╭─ RECORDS SHOWN

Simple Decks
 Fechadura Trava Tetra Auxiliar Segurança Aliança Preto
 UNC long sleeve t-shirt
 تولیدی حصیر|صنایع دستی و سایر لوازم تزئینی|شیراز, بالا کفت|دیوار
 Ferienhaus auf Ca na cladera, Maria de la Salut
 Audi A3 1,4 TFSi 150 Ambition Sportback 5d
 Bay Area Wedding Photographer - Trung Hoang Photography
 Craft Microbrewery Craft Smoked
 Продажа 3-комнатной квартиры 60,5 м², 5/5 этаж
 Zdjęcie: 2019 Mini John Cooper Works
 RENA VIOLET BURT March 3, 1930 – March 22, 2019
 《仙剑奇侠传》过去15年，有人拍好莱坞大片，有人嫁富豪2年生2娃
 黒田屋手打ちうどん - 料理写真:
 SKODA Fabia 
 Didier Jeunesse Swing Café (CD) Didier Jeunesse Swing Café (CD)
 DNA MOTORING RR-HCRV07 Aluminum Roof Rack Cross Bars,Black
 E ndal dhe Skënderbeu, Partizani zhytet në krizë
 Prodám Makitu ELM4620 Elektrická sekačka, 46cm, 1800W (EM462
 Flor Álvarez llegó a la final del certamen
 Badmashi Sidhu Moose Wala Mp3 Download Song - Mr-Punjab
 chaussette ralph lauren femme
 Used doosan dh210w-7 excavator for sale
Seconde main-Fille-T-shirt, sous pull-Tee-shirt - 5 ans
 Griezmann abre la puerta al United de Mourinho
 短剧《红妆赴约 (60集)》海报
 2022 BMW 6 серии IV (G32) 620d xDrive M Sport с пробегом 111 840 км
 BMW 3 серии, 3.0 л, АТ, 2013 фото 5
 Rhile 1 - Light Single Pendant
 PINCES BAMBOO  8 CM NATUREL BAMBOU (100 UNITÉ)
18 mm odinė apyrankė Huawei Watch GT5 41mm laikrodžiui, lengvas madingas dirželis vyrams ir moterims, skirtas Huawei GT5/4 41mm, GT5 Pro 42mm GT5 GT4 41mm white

╰─

**ACTION ITEM**
Lines before the one containing "RENA VIOLET BURT" are not wanted; please set down that line and every line after it through the end of the material, exactly.

**REPLY**
 RENA VIOLET BURT March 3, 1930 – March 22, 2019
 《仙剑奇侠传》过去15年，有人拍好莱坞大片，有人嫁富豪2年生2娃
 黒田屋手打ちうどん - 料理写真:
 SKODA Fabia 
 Didier Jeunesse Swing Café (CD) Didier Jeunesse Swing Café (CD)
 DNA MOTORING RR-HCRV07 Aluminum Roof Rack Cross Bars,Black
 E ndal dhe Skënderbeu, Partizani zhytet në krizë
 Prodám Makitu ELM4620 Elektrická sekačka, 46cm, 1800W (EM462
 Flor Álvarez llegó a la final del certamen
 Badmashi Sidhu Moose Wala Mp3 Download Song - Mr-Punjab
 chaussette ralph lauren femme
 Used doosan dh210w-7 excavator for sale
Seconde main-Fille-T-shirt, sous pull-Tee-shirt - 5 ans
 Griezmann abre la puerta al United de Mourinho
 短剧《红妆赴约 (60集)》海报
 2022 BMW 6 серии IV (G32) 620d xDrive M Sport с пробегом 111 840 км
 BMW 3 серии, 3.0 л, АТ, 2013 фото 5
 Rhile 1 - Light Single Pendant
 PINCES BAMBOO  8 CM NATUREL BAMBOU (100 UNITÉ)
18 mm odinė apyrankė Huawei Watch GT5 41mm laikrodžiui, lengvas madingas dirželis vyrams ir moterims, skirtas Huawei GT5/4 41mm, GT5 Pro 42mm GT5 GT4 41mm white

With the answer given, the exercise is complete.